The 'public' folder always comes as a subpackage of where your *.gwt.xml lives. So if your module is com.example.testapp.TestApp (ultimately a com/example/testapp/TestApp.gwt.xml file in the classpath), your public folder would be (using the default convention) com/example/testapp/public. You could technically put it either in src/main/java or src/main/resources, though src/main/resources would be preferred in a gwt-app or gwt-lib project.
The 'war folder' is used as both input (for static assets and your WEB-INF/ folder) and output (where GWT will write the compilation output), but Maven (and many other build tools) have a clear/clean separation of input(source) and output(target) folders.
It's impossible to accurately answer your questions, because it depends what you're building and how you build it.
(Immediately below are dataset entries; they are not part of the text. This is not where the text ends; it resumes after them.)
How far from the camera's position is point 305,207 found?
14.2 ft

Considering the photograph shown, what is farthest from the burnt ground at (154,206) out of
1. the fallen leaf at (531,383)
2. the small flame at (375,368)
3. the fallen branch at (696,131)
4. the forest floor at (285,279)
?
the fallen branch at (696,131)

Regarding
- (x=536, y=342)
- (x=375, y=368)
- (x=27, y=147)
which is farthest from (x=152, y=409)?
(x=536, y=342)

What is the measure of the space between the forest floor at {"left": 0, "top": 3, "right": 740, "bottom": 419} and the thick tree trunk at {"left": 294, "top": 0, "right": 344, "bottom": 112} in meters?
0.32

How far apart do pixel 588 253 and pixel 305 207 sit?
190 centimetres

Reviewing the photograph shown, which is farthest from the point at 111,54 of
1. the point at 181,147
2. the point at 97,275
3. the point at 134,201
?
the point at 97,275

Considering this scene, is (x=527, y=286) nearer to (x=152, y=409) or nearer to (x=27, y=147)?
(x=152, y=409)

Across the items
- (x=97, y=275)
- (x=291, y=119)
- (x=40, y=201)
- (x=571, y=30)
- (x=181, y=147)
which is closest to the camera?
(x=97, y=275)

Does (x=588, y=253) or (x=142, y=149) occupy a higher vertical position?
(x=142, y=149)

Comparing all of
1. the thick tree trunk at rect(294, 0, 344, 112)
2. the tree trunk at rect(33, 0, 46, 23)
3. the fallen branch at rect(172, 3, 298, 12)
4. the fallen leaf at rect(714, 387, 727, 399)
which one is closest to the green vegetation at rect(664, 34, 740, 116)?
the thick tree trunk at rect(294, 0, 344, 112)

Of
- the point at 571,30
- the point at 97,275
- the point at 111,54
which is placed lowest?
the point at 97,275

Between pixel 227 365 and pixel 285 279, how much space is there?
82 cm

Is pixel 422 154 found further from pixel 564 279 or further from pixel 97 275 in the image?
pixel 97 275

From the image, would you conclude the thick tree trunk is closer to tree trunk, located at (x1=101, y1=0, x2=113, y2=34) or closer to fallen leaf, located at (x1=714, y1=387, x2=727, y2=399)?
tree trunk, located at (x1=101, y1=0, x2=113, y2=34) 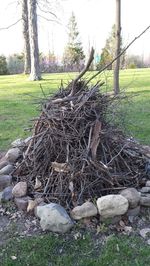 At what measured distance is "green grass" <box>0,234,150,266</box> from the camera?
2.76 m

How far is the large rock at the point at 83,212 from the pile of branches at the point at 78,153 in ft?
0.57

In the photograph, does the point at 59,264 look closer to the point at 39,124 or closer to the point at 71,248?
the point at 71,248

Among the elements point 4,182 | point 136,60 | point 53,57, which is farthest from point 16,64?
point 4,182

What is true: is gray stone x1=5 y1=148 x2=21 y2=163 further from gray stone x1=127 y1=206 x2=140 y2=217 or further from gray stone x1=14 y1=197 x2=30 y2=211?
gray stone x1=127 y1=206 x2=140 y2=217

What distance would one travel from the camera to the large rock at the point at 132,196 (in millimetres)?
3291

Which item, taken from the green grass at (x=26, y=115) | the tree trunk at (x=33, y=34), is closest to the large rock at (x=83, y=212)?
the green grass at (x=26, y=115)

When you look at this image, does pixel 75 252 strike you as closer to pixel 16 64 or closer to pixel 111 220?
pixel 111 220

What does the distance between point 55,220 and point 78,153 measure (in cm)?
78

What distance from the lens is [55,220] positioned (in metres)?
3.10

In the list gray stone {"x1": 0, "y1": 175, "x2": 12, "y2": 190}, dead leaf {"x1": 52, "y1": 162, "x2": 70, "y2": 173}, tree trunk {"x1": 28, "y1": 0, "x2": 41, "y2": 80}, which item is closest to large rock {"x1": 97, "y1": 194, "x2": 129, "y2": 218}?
dead leaf {"x1": 52, "y1": 162, "x2": 70, "y2": 173}

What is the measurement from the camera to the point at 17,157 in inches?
171

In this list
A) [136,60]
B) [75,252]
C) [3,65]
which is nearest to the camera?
[75,252]

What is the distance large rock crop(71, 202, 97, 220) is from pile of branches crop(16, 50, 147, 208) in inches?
6.9

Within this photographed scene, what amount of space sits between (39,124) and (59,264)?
5.38 feet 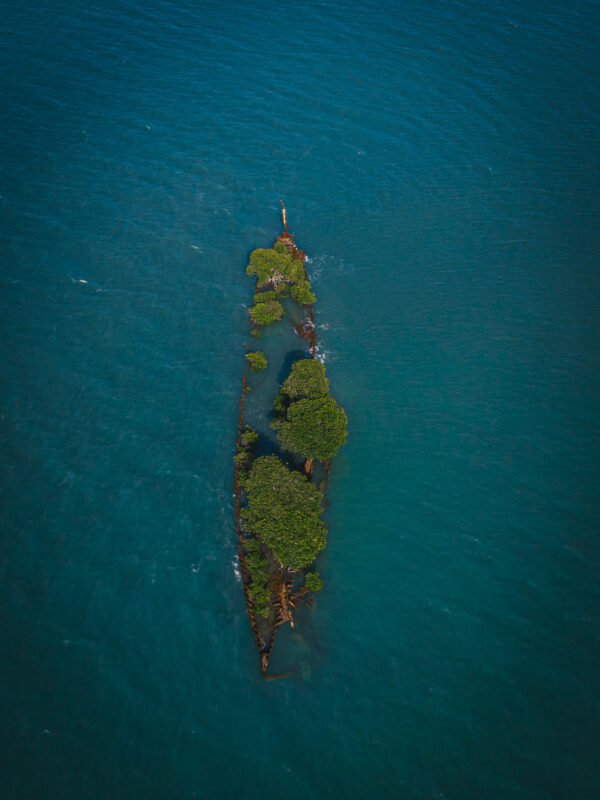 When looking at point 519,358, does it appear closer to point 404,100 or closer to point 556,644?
point 556,644

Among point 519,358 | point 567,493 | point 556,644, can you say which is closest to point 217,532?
point 556,644

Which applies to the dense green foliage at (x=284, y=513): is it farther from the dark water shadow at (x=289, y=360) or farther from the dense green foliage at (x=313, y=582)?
the dark water shadow at (x=289, y=360)

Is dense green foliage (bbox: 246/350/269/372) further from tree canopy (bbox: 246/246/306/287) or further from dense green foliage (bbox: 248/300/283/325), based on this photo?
tree canopy (bbox: 246/246/306/287)

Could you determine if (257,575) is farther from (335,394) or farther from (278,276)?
(278,276)

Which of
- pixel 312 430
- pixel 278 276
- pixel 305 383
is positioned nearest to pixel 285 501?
pixel 312 430

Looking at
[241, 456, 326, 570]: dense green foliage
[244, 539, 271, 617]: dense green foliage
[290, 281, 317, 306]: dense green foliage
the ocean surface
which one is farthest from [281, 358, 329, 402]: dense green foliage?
[244, 539, 271, 617]: dense green foliage

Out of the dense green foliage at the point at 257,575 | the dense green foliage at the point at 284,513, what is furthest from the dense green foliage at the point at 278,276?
the dense green foliage at the point at 257,575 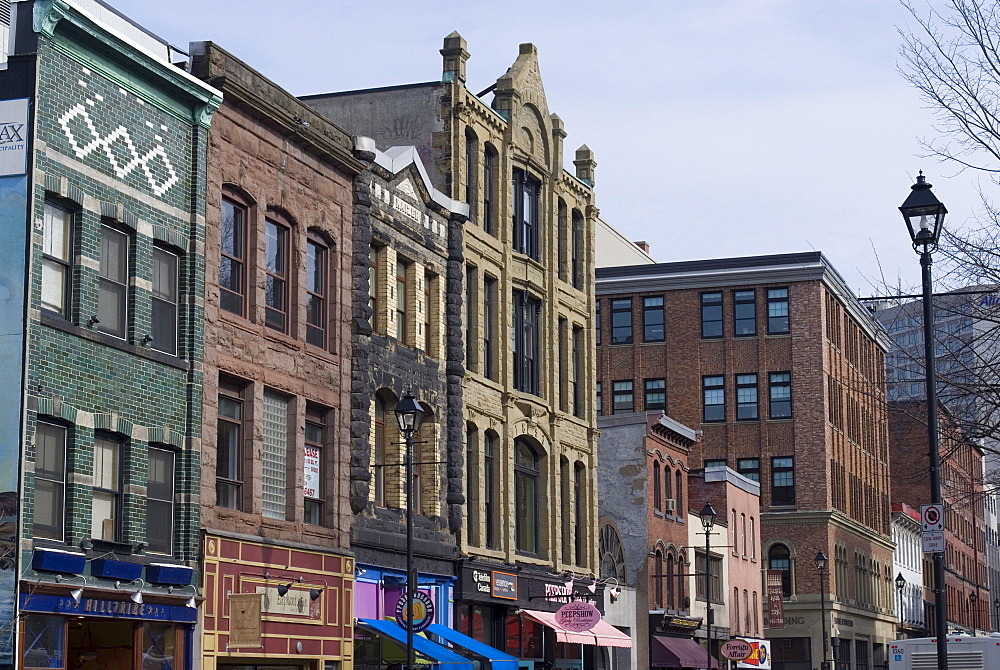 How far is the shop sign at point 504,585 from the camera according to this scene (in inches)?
1529

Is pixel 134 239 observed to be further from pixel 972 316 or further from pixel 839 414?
pixel 839 414

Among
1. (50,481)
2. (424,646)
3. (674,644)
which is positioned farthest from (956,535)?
(50,481)

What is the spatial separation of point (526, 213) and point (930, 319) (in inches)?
926

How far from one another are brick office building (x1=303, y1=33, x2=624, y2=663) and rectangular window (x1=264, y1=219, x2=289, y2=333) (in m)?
8.16

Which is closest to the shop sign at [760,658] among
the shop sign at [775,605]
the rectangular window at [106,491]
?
the shop sign at [775,605]

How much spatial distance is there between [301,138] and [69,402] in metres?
9.08

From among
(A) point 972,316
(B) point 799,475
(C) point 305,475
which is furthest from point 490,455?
(B) point 799,475

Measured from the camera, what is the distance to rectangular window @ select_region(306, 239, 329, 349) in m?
31.0

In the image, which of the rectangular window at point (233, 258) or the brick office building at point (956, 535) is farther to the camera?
the brick office building at point (956, 535)

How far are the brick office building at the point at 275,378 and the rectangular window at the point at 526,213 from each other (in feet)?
37.3

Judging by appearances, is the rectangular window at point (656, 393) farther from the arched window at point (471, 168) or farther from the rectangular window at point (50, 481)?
the rectangular window at point (50, 481)

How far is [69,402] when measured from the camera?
23156 millimetres

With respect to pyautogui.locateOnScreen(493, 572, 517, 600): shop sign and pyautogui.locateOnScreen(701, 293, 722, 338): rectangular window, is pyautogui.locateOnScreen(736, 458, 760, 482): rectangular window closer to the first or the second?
pyautogui.locateOnScreen(701, 293, 722, 338): rectangular window

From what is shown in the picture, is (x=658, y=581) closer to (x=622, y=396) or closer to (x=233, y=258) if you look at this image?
(x=622, y=396) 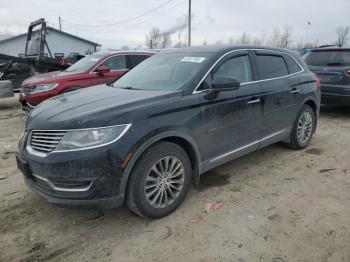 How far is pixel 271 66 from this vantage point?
16.2 ft

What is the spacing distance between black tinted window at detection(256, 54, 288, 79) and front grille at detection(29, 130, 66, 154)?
2.87 meters

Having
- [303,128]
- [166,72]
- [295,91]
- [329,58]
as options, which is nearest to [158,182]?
[166,72]

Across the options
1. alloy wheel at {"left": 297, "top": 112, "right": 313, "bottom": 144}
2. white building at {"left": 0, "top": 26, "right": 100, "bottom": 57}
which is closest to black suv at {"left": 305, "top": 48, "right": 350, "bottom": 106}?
alloy wheel at {"left": 297, "top": 112, "right": 313, "bottom": 144}

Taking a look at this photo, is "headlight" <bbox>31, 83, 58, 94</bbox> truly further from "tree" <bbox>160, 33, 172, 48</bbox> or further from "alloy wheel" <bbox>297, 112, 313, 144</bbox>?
"tree" <bbox>160, 33, 172, 48</bbox>

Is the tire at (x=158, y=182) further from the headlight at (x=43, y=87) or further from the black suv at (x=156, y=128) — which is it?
the headlight at (x=43, y=87)

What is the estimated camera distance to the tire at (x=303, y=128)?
5457 millimetres

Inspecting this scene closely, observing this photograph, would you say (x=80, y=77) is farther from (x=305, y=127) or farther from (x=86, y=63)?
(x=305, y=127)

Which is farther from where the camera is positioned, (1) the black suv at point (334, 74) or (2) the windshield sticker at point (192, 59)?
(1) the black suv at point (334, 74)

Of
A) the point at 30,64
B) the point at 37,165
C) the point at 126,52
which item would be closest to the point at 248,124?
the point at 37,165

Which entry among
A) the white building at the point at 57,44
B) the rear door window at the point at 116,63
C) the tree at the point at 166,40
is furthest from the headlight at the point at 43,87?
the tree at the point at 166,40

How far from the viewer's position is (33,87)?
7.70m

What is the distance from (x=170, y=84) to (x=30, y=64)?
837cm

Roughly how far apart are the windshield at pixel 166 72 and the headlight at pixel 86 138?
105 cm

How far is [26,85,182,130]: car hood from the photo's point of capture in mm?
3088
If you're building a webapp with a server part, then use the src/main/webapp from your server/webapp Maven module (you use distinct modules for client and server parts, right?); in other words, the host page is part of your webapp, not your GWT app. See
https://github.com/tbroyer/gwt-maven-archetypesIf you build a standalone client application, then use the 'public path' in a gwt-app Maven module; that way the WAR/ZIP file created by your build will include both the JS output from GWT and your static assets, actually copied there by the GWT compiler. (You could also use the resources:copy-resources in the prepare-package phase to copy from, say, src/main/webapp to the target folder, but running your app in development mode would be a bit more complicated).